How to Talk to a Climate Skeptic: Responses to the most common skeptical arguments on global warming
‘Kyoto is a big effort for almost nothing’–Kyoto is only in its first phase
(Part of the How to Talk to a Global Warming Skeptic guide)
Objection: The Kyoto treaty, even if fully implemented, would only save us about a tenth of a degree of future temperature rise many decades from now. What a waste of effort! You can see for yourself here at the Junk Science website.
Answer: There are three big problems with this claim.
First, it’s a red herring. The purpose of Kyoto is to establish international political and economic mechanisms for dealing with global warming, by taking the first tentative steps toward a difficult goal.

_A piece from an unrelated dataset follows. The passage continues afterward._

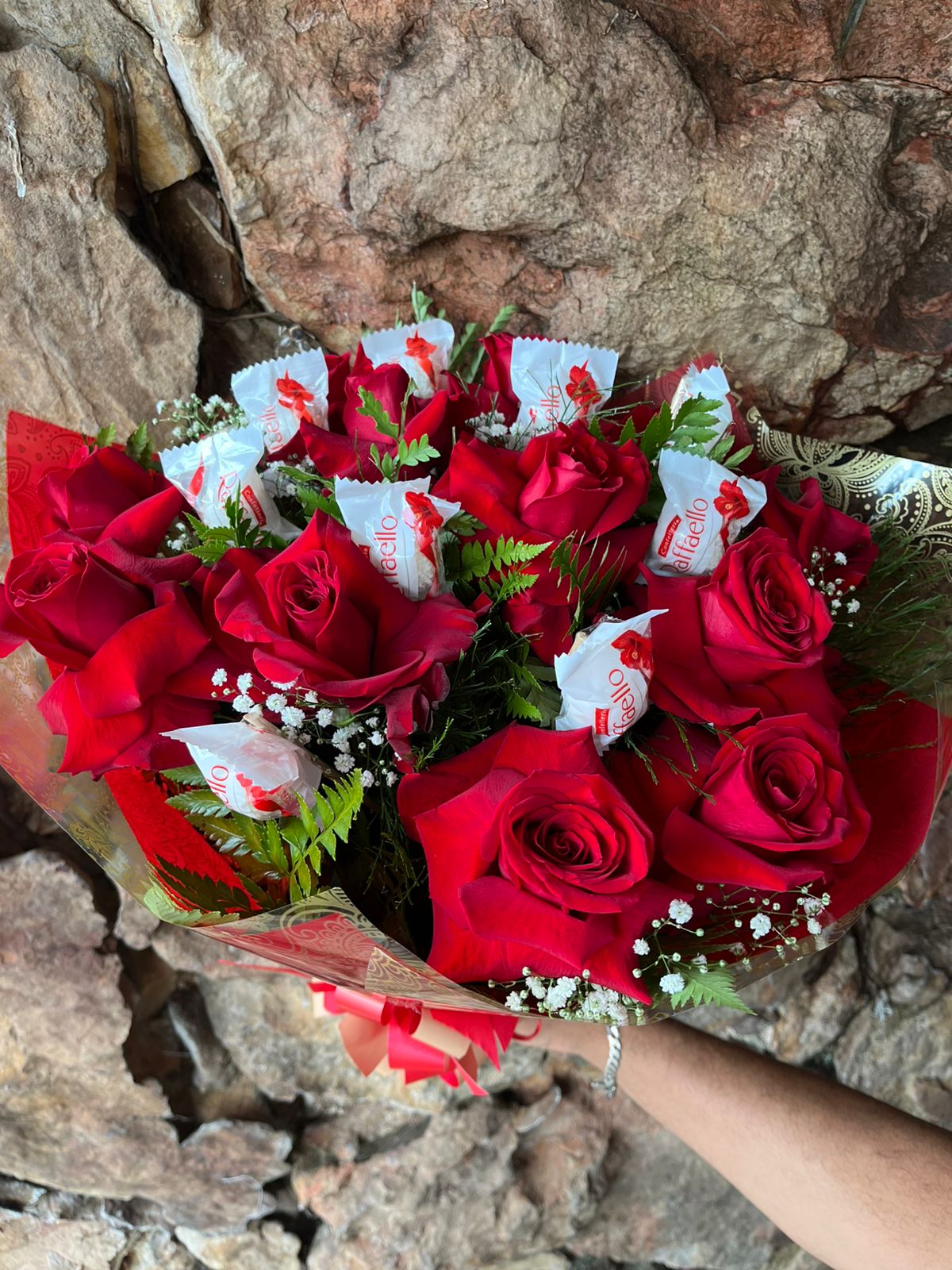 Buquê 12 Colombianas com Rafaello 4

You may as well time me walking to the sidewalk where I parked my car bicycle and then tell me at this rate I will never get home.
Second, Kyoto is a step-by-step process. The second phase (much less third, fourth, etc.) has not even been negotiated yet. How can anyone claim anything about how effective it is going to be? Junk Science and other sources of this propaganda are starting their dubious calculations from the assumption that Kyoto ends in 2012 when round one is over. That is just wrong.
Third, the temperature several decades from now is to a large extent already determined by the current energy imbalance, thanks to extra CO2 already in the atmosphere. Short of a complete cessation of emissions today, there is no foreseeable way to avoid the bulk of the warming “in the pipeline.” This is mostly due to the extreme thermal inertia of the oceans and therefore the climate system as a whole. It means that our actions today, or our inaction, will have consequences several decades hence.
Finally, I have a rather personal peeve with people who vociferously criticize any attempt at a solution and yet propose nothing in its place. You’d think if they were so sincerely concerned about how ineffective Kyoto will be (as, frankly, they should be), they would be agitating for more action rather than shrugging their shoulders and saying “I guess we should just sit it out.” It’s like a guy standing on the sidewalk watching all his neighbors fight a house fire, saying “you’ll never make it, you don’t have enough people.”